12|yoksa canın çok yanar

3.6K 431 553
                                    

Bölüm şarkısı: Sansar Salvo- Dum Taka Dum.

🌙

Buradaki dördüncü günüme girmeme iki saat kalmıştı. Sessiz bir şekilde hücremde oturuyordum ve penceremin gösterdiği kadar karanlık gökyüzünü izliyordum.

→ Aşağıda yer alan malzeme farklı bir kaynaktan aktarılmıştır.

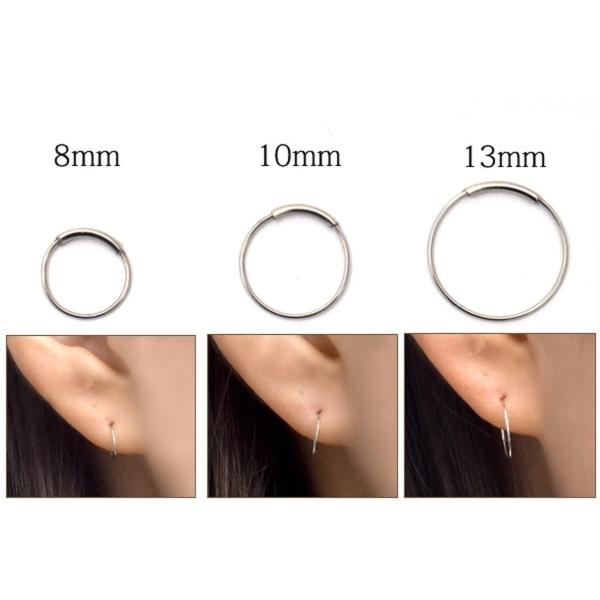 ピアス プラチナ フープピアス 8mm 片耳用 パイプフープ pt900 小さめ 細い 日本製 国産 レディース メンズの画像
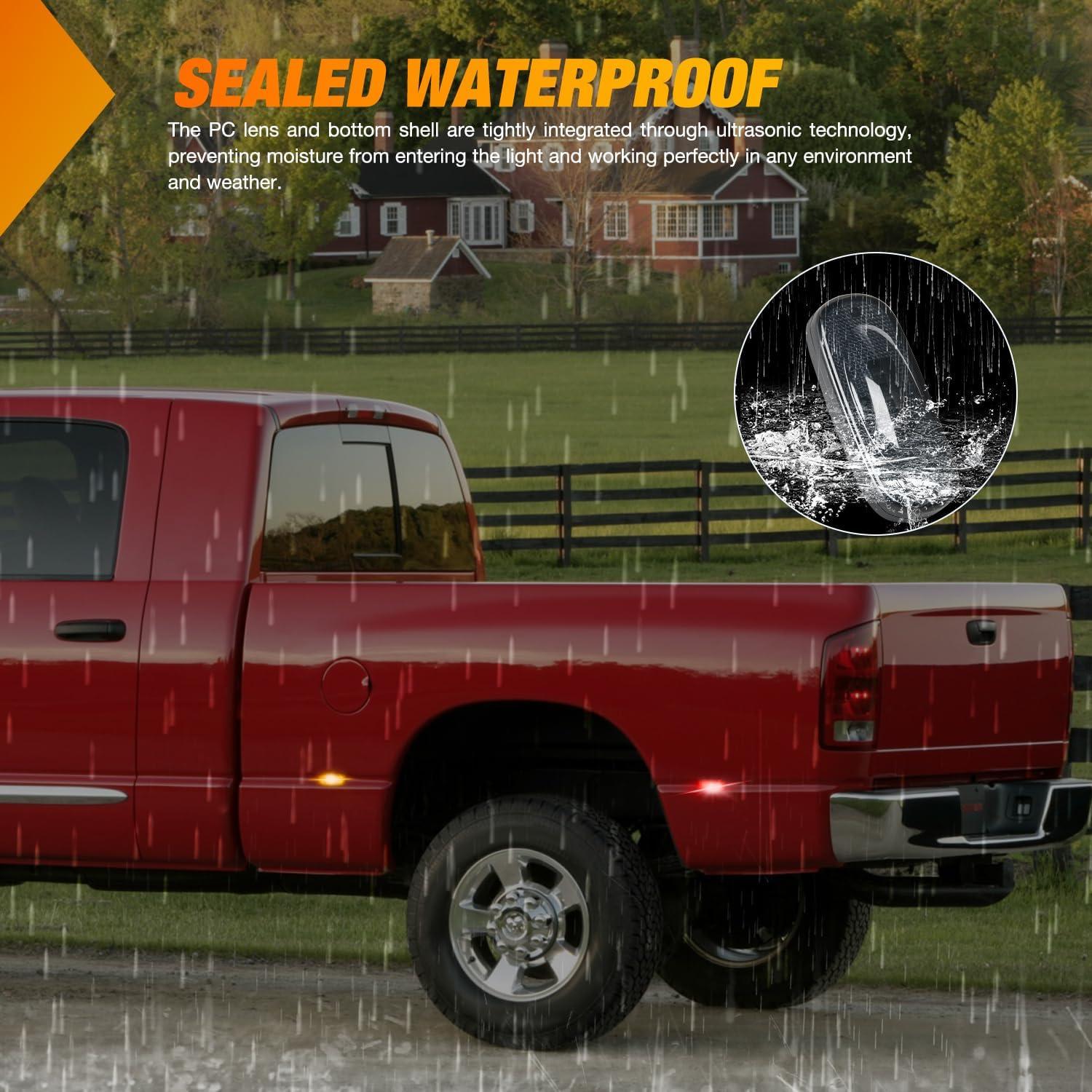 imageNilight 10 PCS Amber Red 38 Inch 6 LED Side Marker Front Rear Indicator Clearance Lamp for 12V Truck Trailer RV Cab Boat Bus LorrySmoked AmberRed Ram 1500 2500 3500 20032009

İçimdeki huzursuzluk bir türlü dinmiyordu. Aklımdaki tüm sorular beynimde tipik bir döngü gibi hep başa sarıyor, bu da beni ruhsal anlamda yıpratıyordu. Düşünceli biriydim ve vaktimin çoğunu düşüncelerime dalarak geçirirdim. Zihnimde soruları çok sorardım. Fakat cevabını bulamazdım. Bulduğumu sanar, çok geçmeden yanılırdım.

Aklımdan çıkmayan iki kişi vardı. Biri Benjamin'di. Onu düşünüyordum. Ve kalbimin görünmez ateşi de bu yüzden yanmaya devam ediyordu. Onun için üzülüyordum. Ona karşı tam sol göğsümde büyüyen koca bir pişmanlık duygusu vardı.

Öte yandan Park Jimin denen şu piskopat herifi düşünüyordum. Şayet üzerimdeki huzursuzluğun büyük bir kısmından da o sorumluydu.

Onun bana olan, kalp kırıcı değil, kalp yıkıcı tavırları. Şu an ki, huzursuzluğumun sebeplerinden biri.

Gözlerimi hücremi bir nebze olsun aydınlatan yarım aydan çevirdim ve beton zeminde ses çıkartarak hücremden dışarıya çıktım.

Açıkçası canım sıkılmıştı ve Taehyung'la sohbet edip biraz olsun keyfim yerine gelsin istiyordum. O öyle bir insandı ki, bana tüm dertlerimi bir nebze olsun unutturabiliyordu. Onunlayken kendimi daha iyi hissediyordum.

Hem saat daha onken suçluların çoğu uyumamıştı. Buna tam karşımdaki masada arkadaşlarıyla oturup keyifle sohbet eden Jimin'de dahildi.

En son olaydan beri bana rahatsız edici bakışları haricinde pek bir şey yapmamıştı. Beni sadece bakışlarıyla öldürmeye kararlıydı.

Mümkünse Jimin'le göz teması kurmadan Taehyung'un hücresine doğru ilerledim. Koğuşta olmadığına göre yüksek bir ihtimal hücresindeydi.

Jimin'in ezici bakışları eşliğinde Taehyung'un hücresine girdim. Bana olan bakışlarından hoşlanmıyordum. Sinir bozucu ve rahatsız ediciydi.

"Taehyung." diyerek hücresine girdiğimde gördüğüm manzara karşısında dudaklarımı tebessüm kapladı.

Yatağında uyku bandıyla boylu boyunca uzanıyordu. Ona seslenmeme rağmen yerinden kıpırdamadığına göre çoktan uyumuştu. Onu rahatsız etmemek ve uykusundan bölmemek için bir umutla girdiğim hücresinden çıktım.

Anlaşılan düşüncelerimle boğulma seansım daha sürecekti. Taehyung'un hücresinden çıkıp su içmek için damacanaya doğru ilerlediğimde Jimin ve arkadaşları kendi aralarında şakalaşmaya devam ediyordu.

Çoğu suçlu uyumaya, hücrelerine çekilmişler, çoğu ise koyu sohbetlerinden daha çıkamamışlardı.

"Millet sizce de koğuşta bir hava değişikliği yok mu?" Taemin'den alayla çıkan gülümseme ardından bu sözleri söylemesiyle Jimin dahil çoğu mahkum bana bakarak sırıtmıştı.

Kaşlarımı çattığımda umursamadım ve olabildiğince hızlı olmaya çalışıp kendime bir su doldurdum.

"Şöyle aşk havası gibi mi yani?" Namjoon aynı alaycı sırıtışla Taemin'e cevap verdiğinde pis ve imalı bakışları üzerimde turluyordu.